Base class for embeddings.

Show JSON schema

{
   "title": "BaseEmbedding",
   "description": "Base class for embeddings.",
   "type": "object",
   "properties": {
      "model_name": {
         "title": "Model Name",
         "description": "The name of the embedding model.",
         "default": "unknown",
         "type": "string"
      },
      "embed_batch_size": {
         "title": "Embed Batch Size",
         "description": "The batch size for embedding calls.",
         "default": 10,
         "exclusiveMinimum": 0,
         "lte": 2048,
         "type": "integer"
      },
      "callback_manager": {
         "title": "Callback Manager",
         "type": "object",
         "default": {}
      },
      "class_name": {
         "title": "Class Name",
         "type": "string",
         "default": "base_component"
      }
   }
}

Config

arbitrary_types_allowed: bool = True

Fields

callback_manager (llama_index.core.callbacks.base.CallbackManager)
embed_batch_size (int)
model_name (str)

Validators

_validate_callback_manager » callback_manager

field callback_manager: CallbackManager [Optional]#

Constraints

type = object
default = {}

Validated by

_validate_callback_manager

field embed_batch_size: int = 10#

The batch size for embedding calls.

Constraints

exclusiveMinimum = 0

field model_name: str = 'unknown'#: The name of the embedding model.
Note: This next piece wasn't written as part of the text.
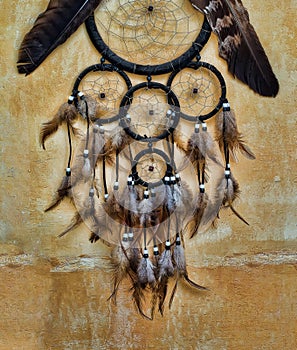 Dream catcher with eagle and raven feathers on orange structure wall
async acall(nodes: List[BaseNode], **kwargs: Any) → List[BaseNode]#: Async transform nodes.

async aget_agg_embedding_from_queries(queries: List[str], agg_fn: Optional[Callable[[...], List[float]]] = None) → List[float]#: Async get aggregated embedding from multiple queries.

async aget_query_embedding(query: str) → List[float]#: Get query embedding.

async aget_text_embedding(text: str) → List[float]#: Async get text embedding.

async aget_text_embedding_batch(texts: List[str], show_progress: bool = False) → List[List[float]]#: Asynchronously get a list of text embeddings, with batching.

get_agg_embedding_from_queries(queries: List[str], agg_fn: Optional[Callable[[...], List[float]]] = None) → List[float]#: Get aggregated embedding from multiple queries.

get_query_embedding(query: str) → List[float]#

Embed the input query.

When embedding a query, depending on the model, a special instruction can be prepended to the raw query string. For example, “Represent the question for retrieving supporting documents: “. If you’re curious, other examples of predefined instructions can be found in embeddings/huggingface_utils.py.

get_text_embedding(text: str) → List[float]#

Embed the input text.

When embedding text, depending on the model, a special instruction can be prepended to the raw text string. For example, “Represent the document for retrieval: “. If you’re curious, other examples of predefined instructions can be found in embeddings/huggingface_utils.py.

get_text_embedding_batch(texts: List[str], show_progress: bool = False, **kwargs: Any) → List[List[float]]#: Get a list of text embeddings, with batching.

similarity(embedding1: List[float], embedding2: List[float], mode: SimilarityMode = SimilarityMode.DEFAULT) → float#: Get embedding similarity.